First of all, the biggest damage to stock prices is almost always caused by the shorts who voice their thesis -- those known as activist shorts. Bill Ackman was not exactly shy about broadcasting his case against Herbalife, for example. David Einhorn publicly laid out the problems he saw with Lehman Brothers months before its collapse. Jim Chanos made no secret of his issues with Enron. The resulting damage to share prices likely wasn't from short bets themselves but rather the issues these investors brought to the public's attention. And simply publicizing a thesis doesn't guarantee success. Shares of Herbalife, which denies Ackman's contention that it is a pyramid scheme, have rallied 43 percent this year.
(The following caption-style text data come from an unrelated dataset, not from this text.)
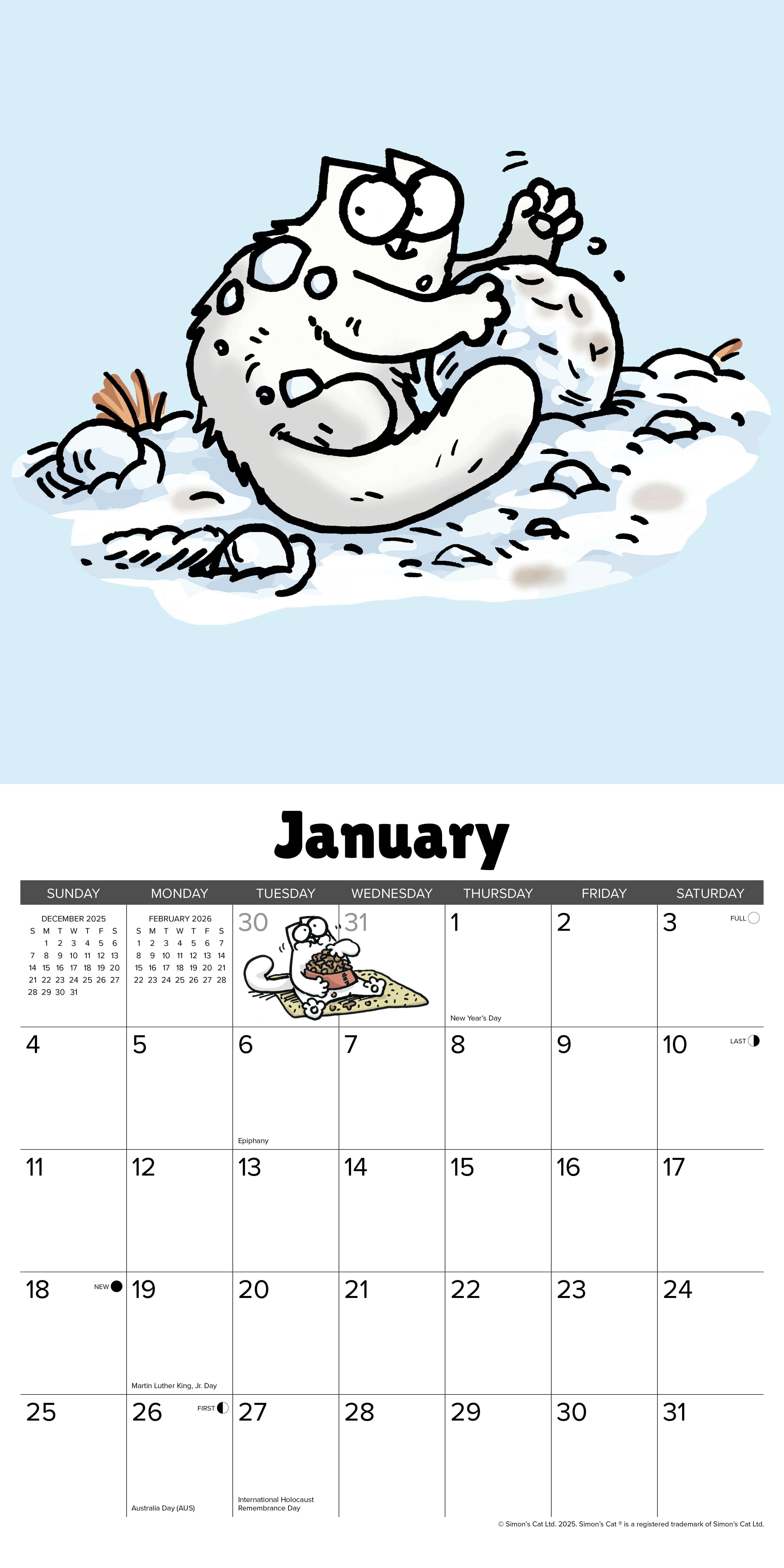 2026 Simon's Cat - Square Wall Calendar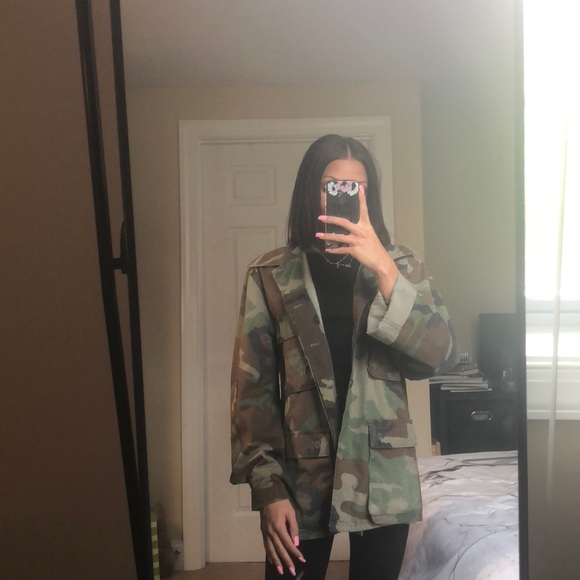 Oversized camo utility jacket - Picture 5 of 6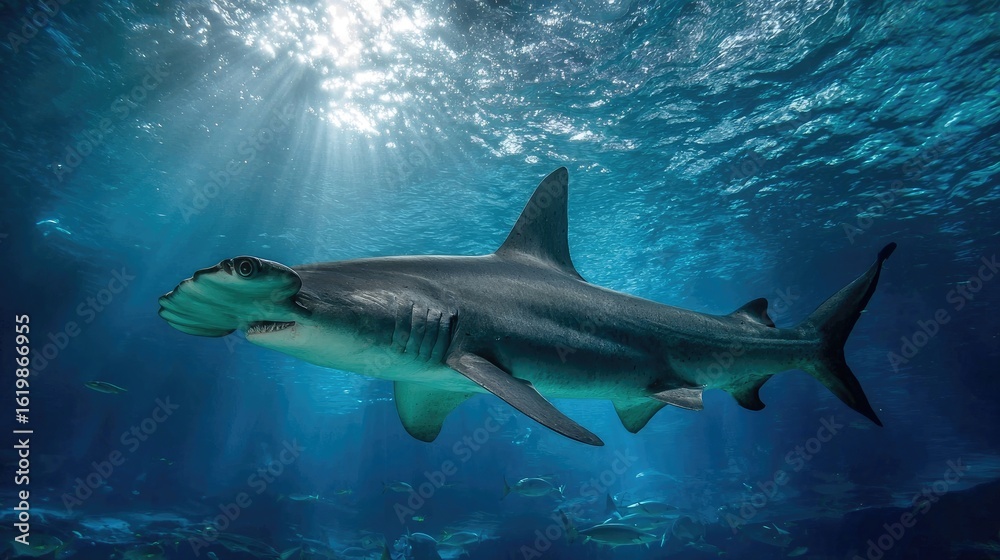 Fototapeta premium Hammerhead Shark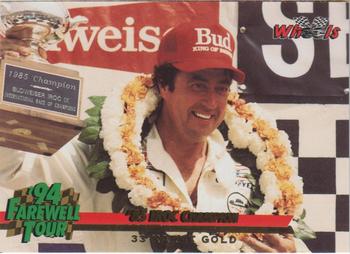1994 Wheels Harry Gant - 33 Karat Gold #58 '85 IROC Champion Front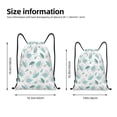 thumbnail image 2 of Sikiie Leaf Print Green Drawstring Backpack Drawstring Bags, Draw String Back Bag for Sports, Gym, Travel, Swimming, Beach-Medium, 2 of 6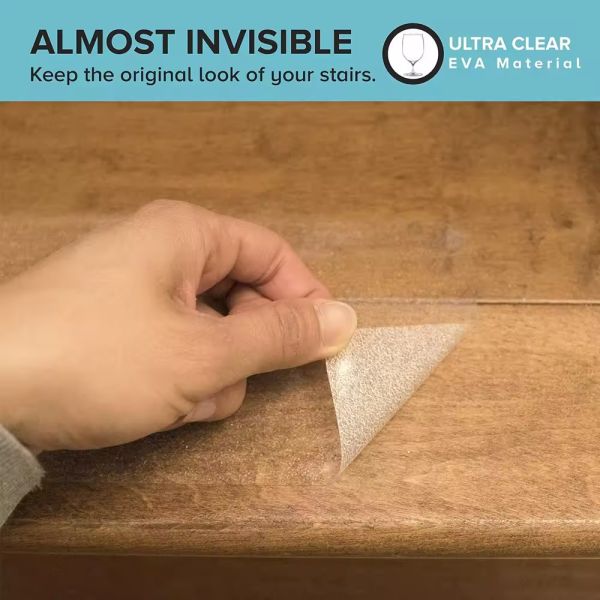 Factory Price Heavy Duty Transparent Grip Tape Clear Anti-Slip Pool Tape Strong Double Sided 5cm Width Pressure Sensitive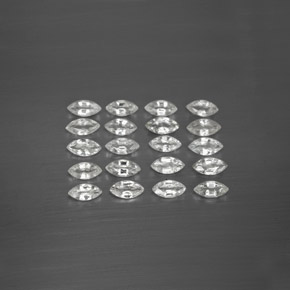 Gemas de zafiro blanco natural de  ct, marquesa, VVS-VS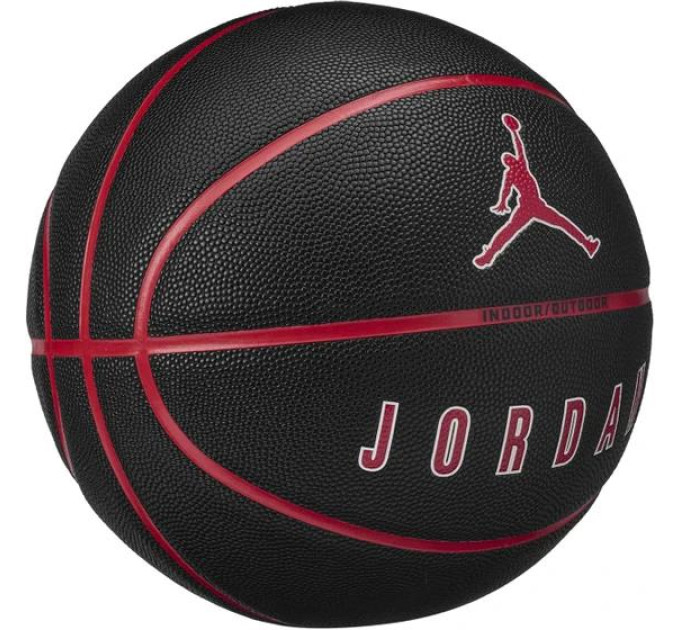 М'яч баскетбольний JORDAN ULTIMATE 2.0 8P DEFLATED BLACK/FIRE RED/WHITE/FIRE RED size 7 (J.100.8254.017.07 7)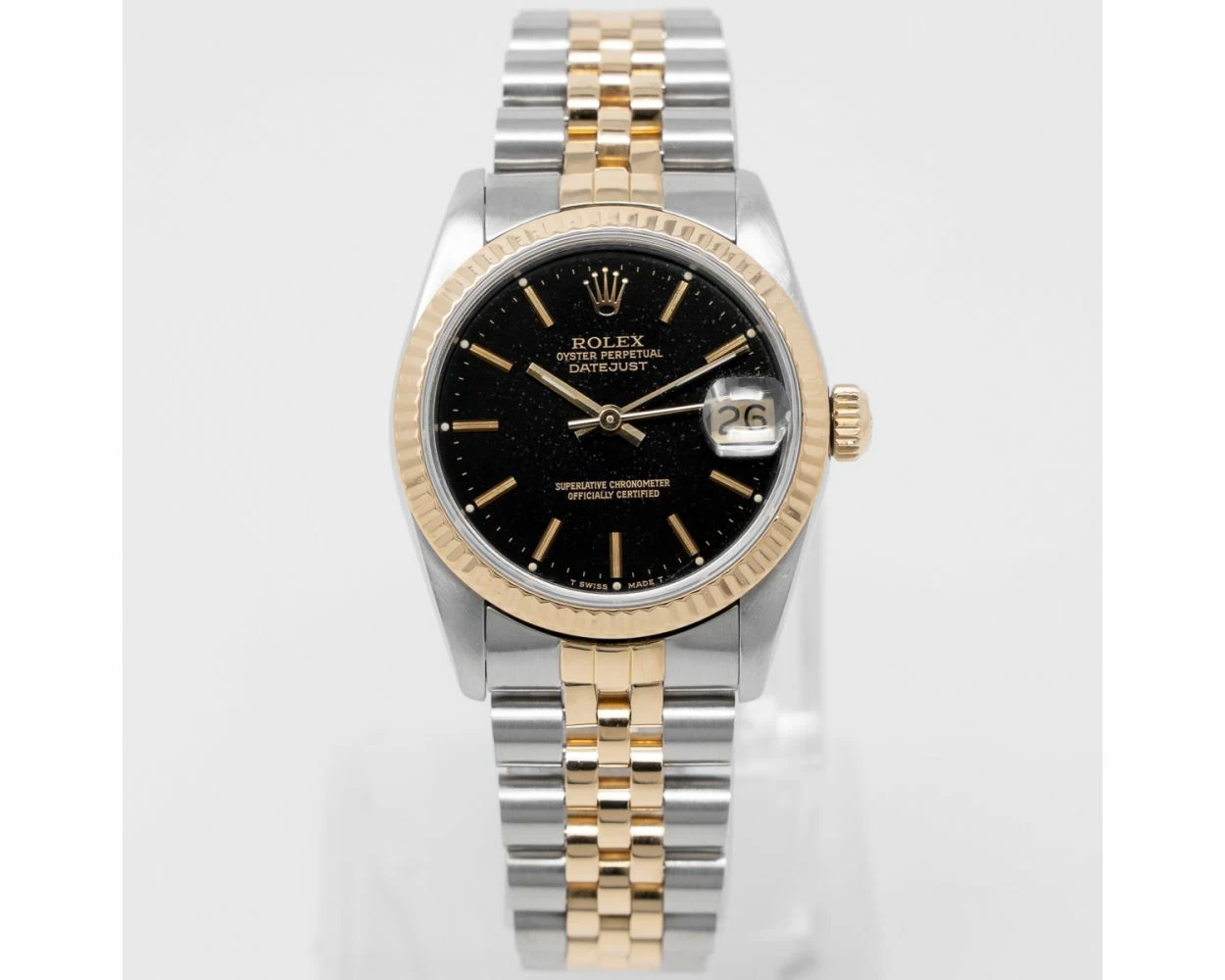 注文割引 Watch 68273 31 Datejust Rolex Used Genuine Buy - Dial Black パーツ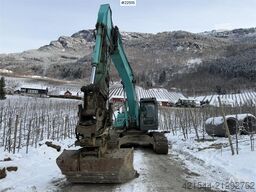Kobelco SK300LC-10 excavator with excavation bucket, gradi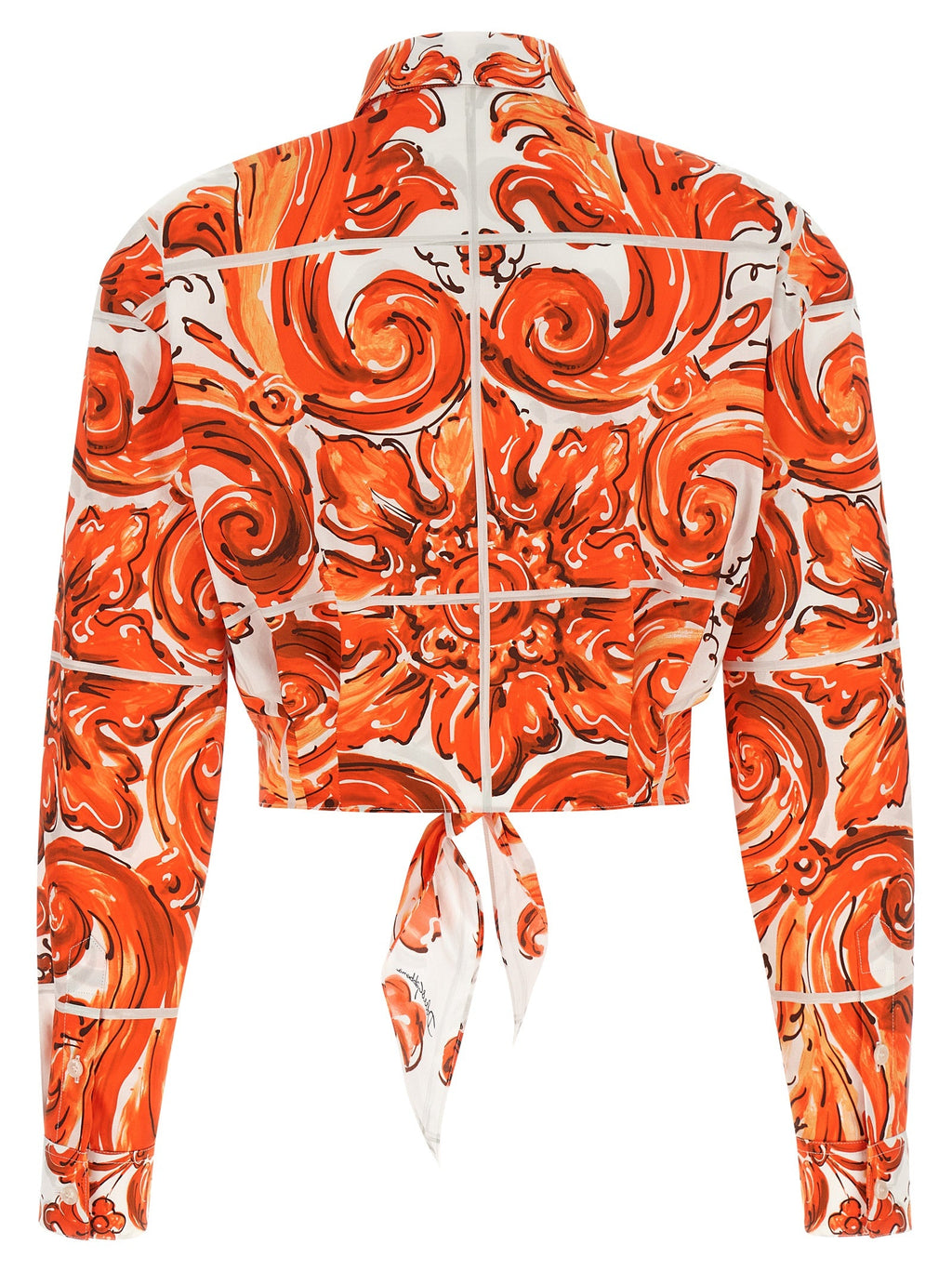 Dolce & Gabbana Orange Cotton Blouse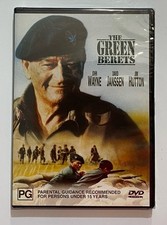 The Green Berets DVD Movie 1968 Film John Wayne Action War Adventure Reg...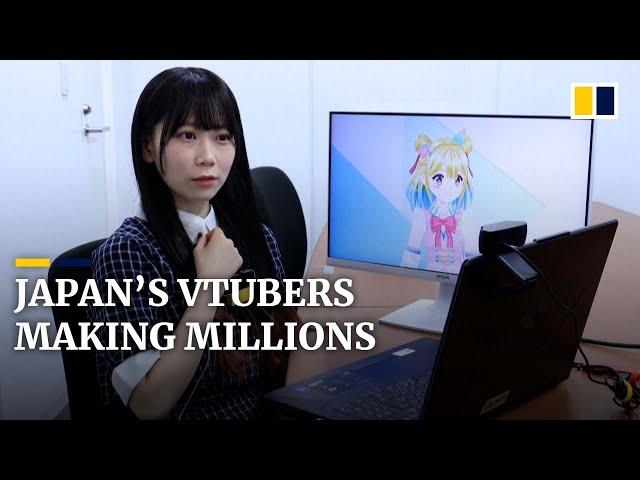Virtual YouTubers behind famous avatars in Japan make millions from superfans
Additionally, the crusade for more transparency begs the question about the size of shorts that need to be disclosed? Borrowing shares from a brokerage and selling them is a risky proposition because potential profits are capped at 100 percent while potential losses could theoretically be much higher than 100 percent. Plus the cost of the loans goes up quickly as demand from shorts grows. So it's likely going to be somewhat rare for short bets from individual firms to ever register a high percentage of a company's stock.
If the bar is set too low, investors will comb through the data to track down where bets are being placed by short sellers with a good track record. What then? Do you force shorts to disclose their thesis? Because what if the bet is not that a company is going under but simply part of a pair trade where the shares are sold to finance the purchase of stock in a company the investor believes will outperform it?
The truth is, if a company can essentially be taken out of business through a campaign by a short seller, something most likely is gravely wrong. Blaming shorts for their demise was what Ken Lay did at Enron and what Dick Fuld did at Lehman Brothers and what Jimmy Cayne did at Bear Stearns. In retrospect, does anyone believe that these firms would still be around if it weren't for those rapscallion short sellers?
It's a good time to remind everyone to stop treating shorts like villains and treat them like what they really are -- investors just trying to make a buck through fundamental research.
And for the proverbial average mom-and-pop 401(k)-style investors who may be influenced by all the vilification of short sellers, consider this: they are receiving a great benefit from the shorts and may not even realize it. Even companies with angelic reputations like Vanguard lend shares to short sellers in exchange for interest payments. In return, they get a nice little stream of revenue that helps them keep the cost of managing their nest eggs as low as possible.
As White said, the SEC has prosecuted and will continue to prosecute those who spread falsehoods to benefit a short bet, just as they prosecute those who promulgate falsehoods to benefit a pump-and-dump long bet.
It's prudent for her to twirl her baton from time to time. When it comes time to cracking skulls with it, however, she's going to need to make sure she has the right targets in her sights, and not just the usual suspects.
This column does not necessarily reflect the opinion of Bloomberg LP and its owners.